Oskar’s current release, She Said Mahalo is comprised of ten original compositions, arranged and produced by this musician (including the graphics). He is joined by a group of players from the Northwest with reeds, horns and percussion. The opening track, “Caribbean Love Song” is as advertised, a rhythmic flowing number with a festive vibe. Oskar’s playing is rich in tone and phrasing. In what feels like an African-infused jam, Children Of The World” exudes a jaunty countenance. His lead is intermingled with punctuated counterpoint by the horns and acoustic guitar. It is very melodic and celebratory with a layered arrangement. “Be Happy” kicks off with bouncy aesthetics, but muscular transitions (with visceral percussion) and Oskar’s soulful lines are compelling. On “Morning Rush”, Oskar and the horns create a more deliberate pulsating rock tempo to address the intensity of a work environment. But there is an extended interlude with ethereal flute, exotic stringed instruments as a balance. In a change of pace, the title track is more winsome with ballad-like atmospherics. There are interesting chord changes.

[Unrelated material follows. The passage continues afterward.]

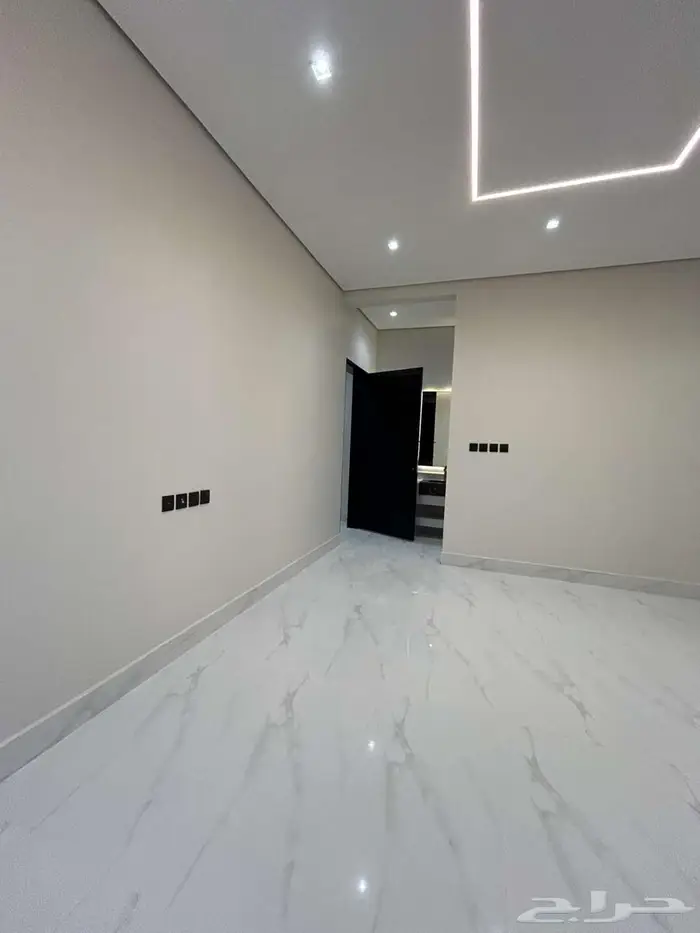 دور اول جديد للبيع الحزم 23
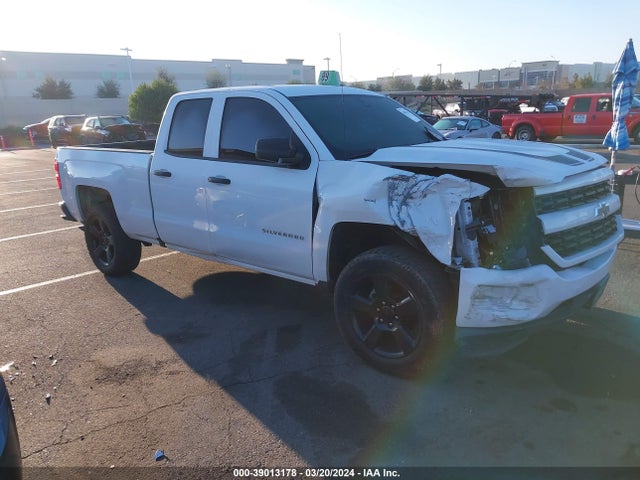 Chevrolet Silverado 1500 Custom 2018 1GCRCPECXJZ318523 Image 13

In another different interpretation, “Memories” kicks off with a folk-infused duet of harmonica and acoustic guitar. As the band combines, it becomes a multi-faceted, smooth groove fest with Oskar utilizing vibrato skill. Shifting musical gears again, “Most Favored Nation” employs a distinctive reggae beat. Oskar’s lead (solo and in unison) glows with tenderness. There is an edgy undercurrent here, as a jagged electric guitar run underscores the political message described in the liner notes. Of course, it sways with laid-back energy. Oskar’s long-term association with up tempo r & b is captured on one of the album singles, “Funky Rhetoric”. The harmonica licks are crisp and bristle with passionate articulation. There is a call and response with the horn section. In a more sentimental translation, “Sweet Lullaby” is delivered like a reverie. The interplay with harmonica and acoustic piano is meticulous. Oskar’s belief in positive social behavior is at the core of the finale and second single, “One-World Fist”. This is the most audacious instrumental translation with syncopated rhythm and modulation with a freer jazzy elocution.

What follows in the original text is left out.